◆ Prompt ◆
Where the line containing "Why I Want The" appears below, begin there and reproduce each line exactly through the last one, omitting pictures.
──────────
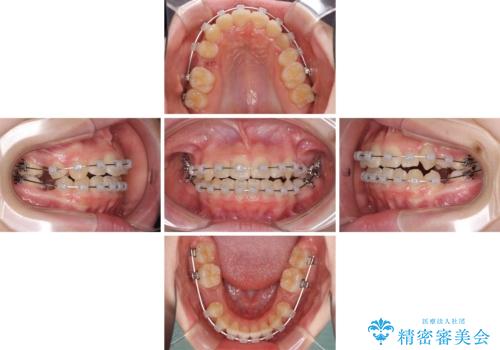 乳歯が残っている 目立たない装置での抜歯矯正の治療中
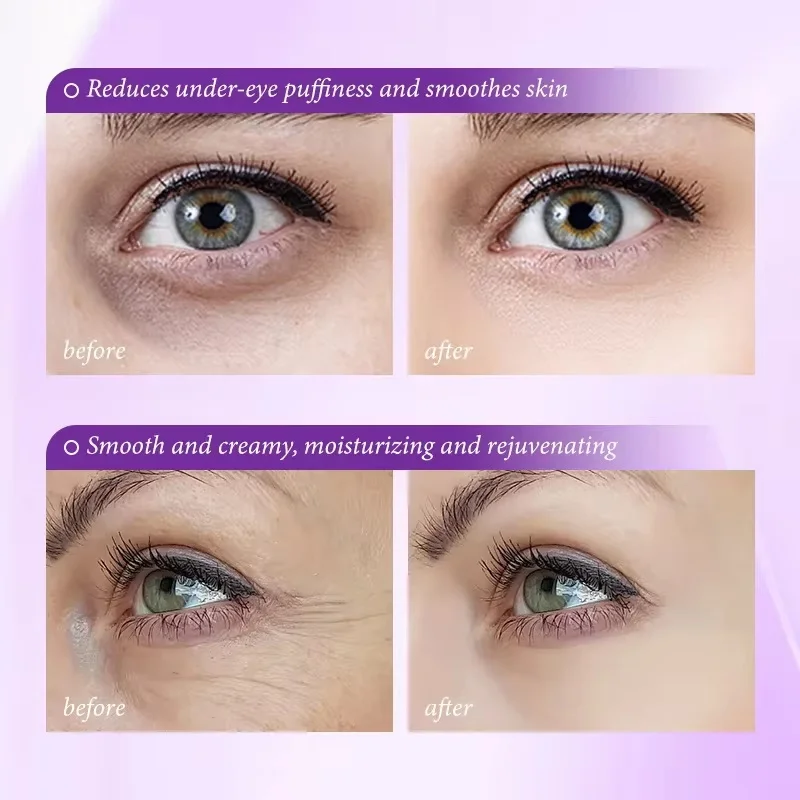 Instant Eye Bag Removal Cream Collagen Anti-Wrinkle Fade Fine Lines Firming Skin Anti Dark Circle Puffiness Brighten Eye Care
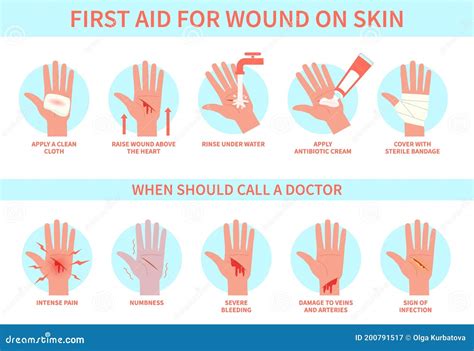 First Aid for Wound on Skin. Damage, Bleeding Cut Hand Skin and ...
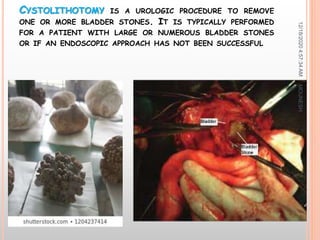 CYSTOLITHOTOMY IS A UROLOGIC PROCEDURE TO REMOVE
ONE OR MORE BLADDER STONES. IT IS TYPICALLY PERFORMED
FOR A PATIENT WITH LARGE OR NUMEROUS BLADDER STONES
OR IF AN ENDOSCOPIC APPROACH HAS NOT BEEN SUCCESSFUL
12/18/20204:57:34AM
39
MOUNESH
 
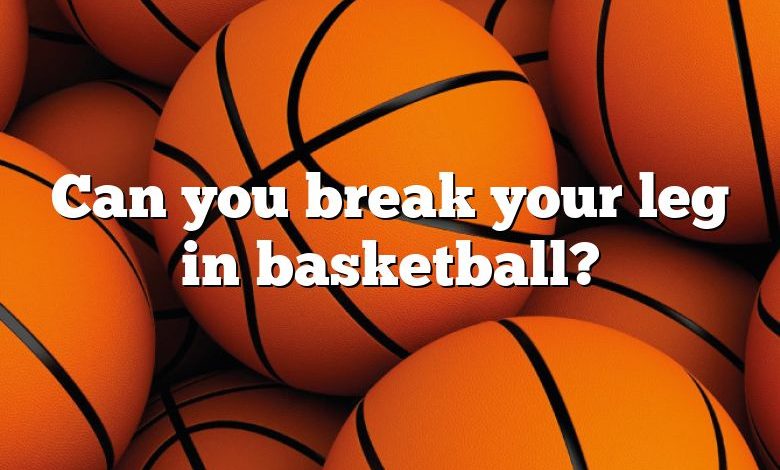 Can you break your leg in basketball?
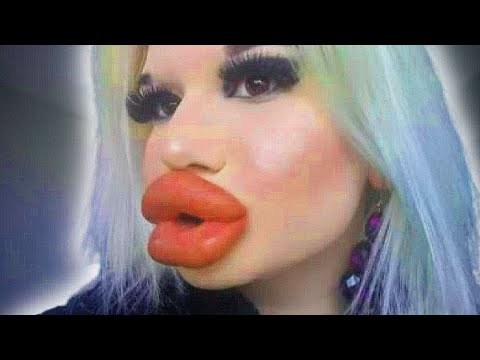 Why I Want The World's Biggest Lips - The Positivity Fix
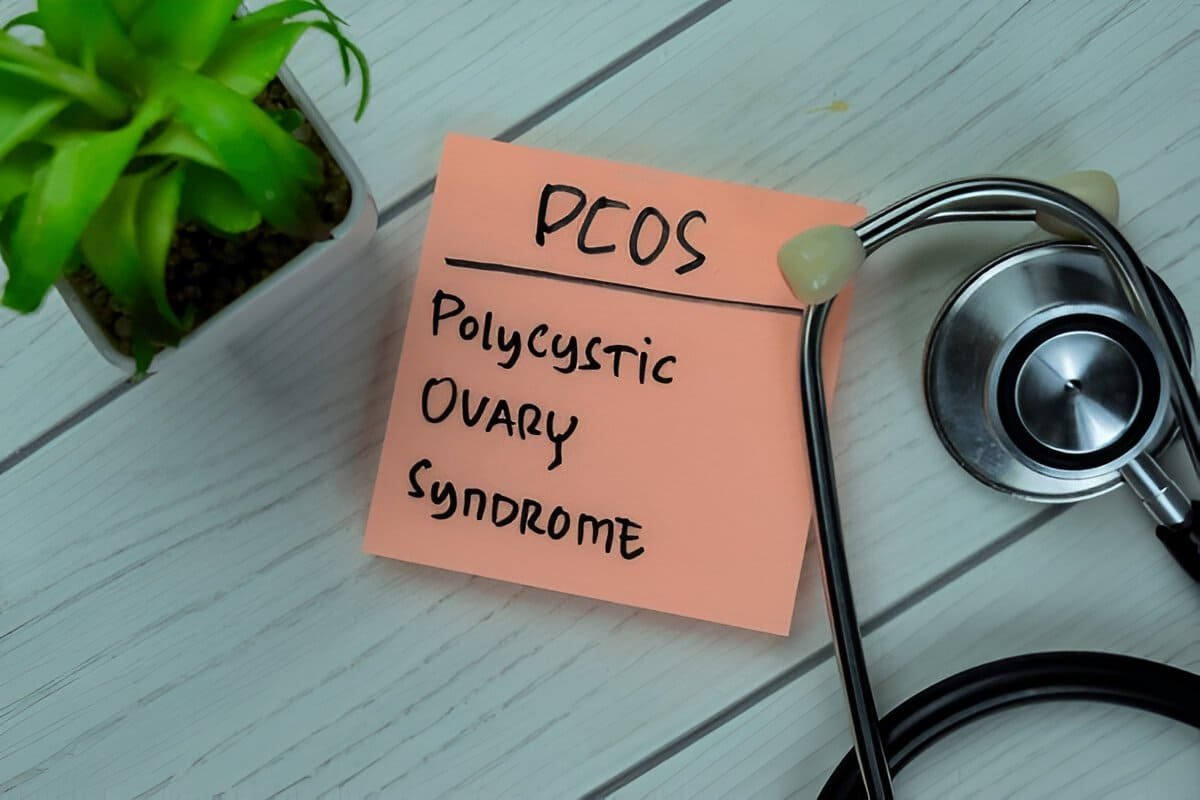 ovaries with PCOS illustration
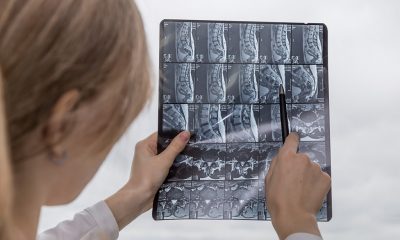 clinica de recuperare coloana vertebrala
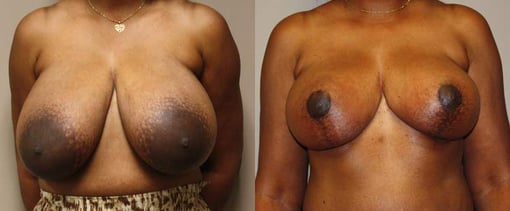 breast reduction lift before and after photos by kryger institute of plastic surgery in thousand oaks ca
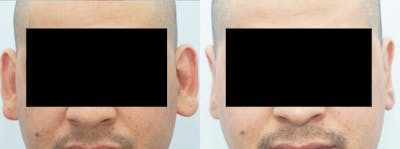 Otoplasty Before & After Gallery - Patient 47149822 - Image 1
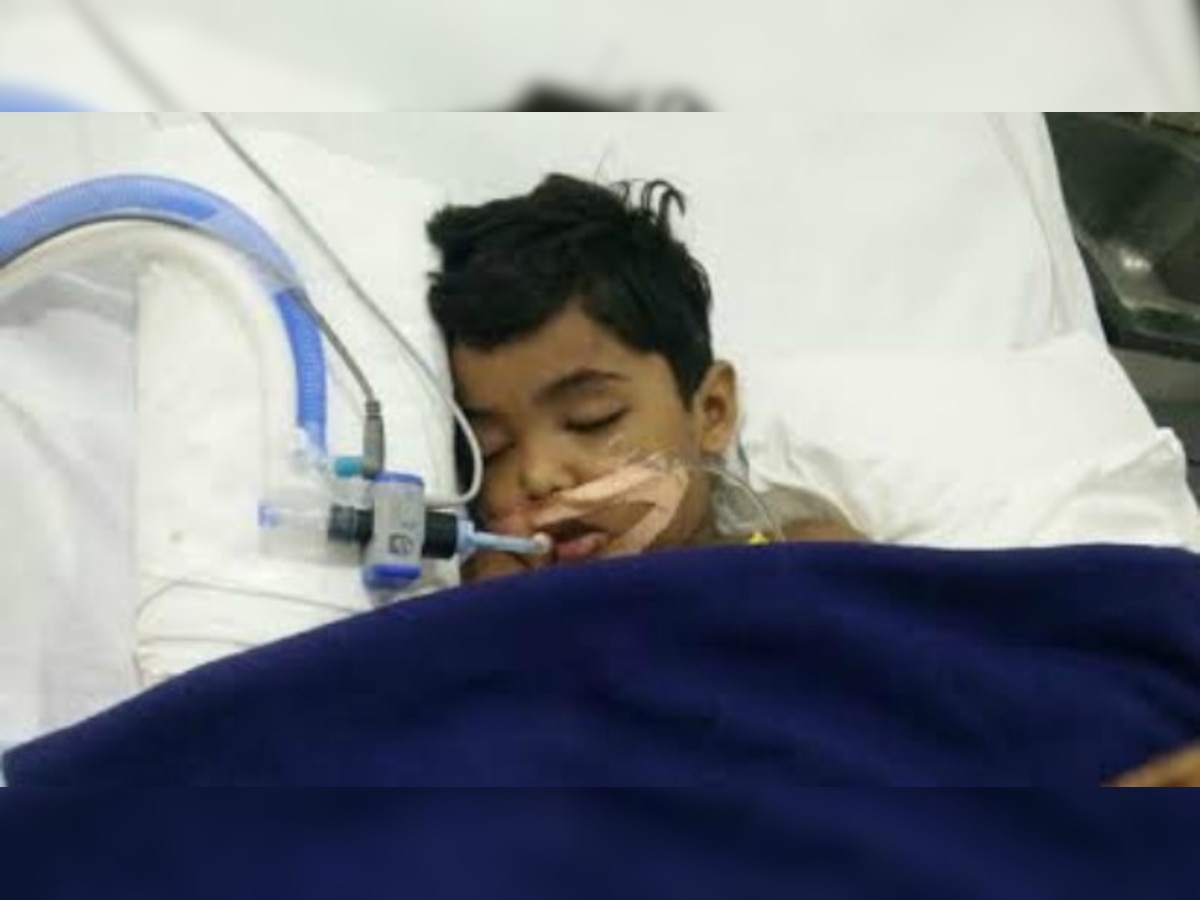 Bengaluru: 5-year-old child goes into coma during surgery, family alleges negligence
──────────
◆ Expected output ◆
 Why I Want The World's Biggest Lips - The Positivity Fix
 ovaries with PCOS illustration
 clinica de recuperare coloana vertebrala
 breast reduction lift before and after photos by kryger institute of plastic surgery in thousand oaks ca
 Otoplasty Before & After Gallery - Patient 47149822 - Image 1
 Bengaluru: 5-year-old child goes into coma during surgery, family alleges negligence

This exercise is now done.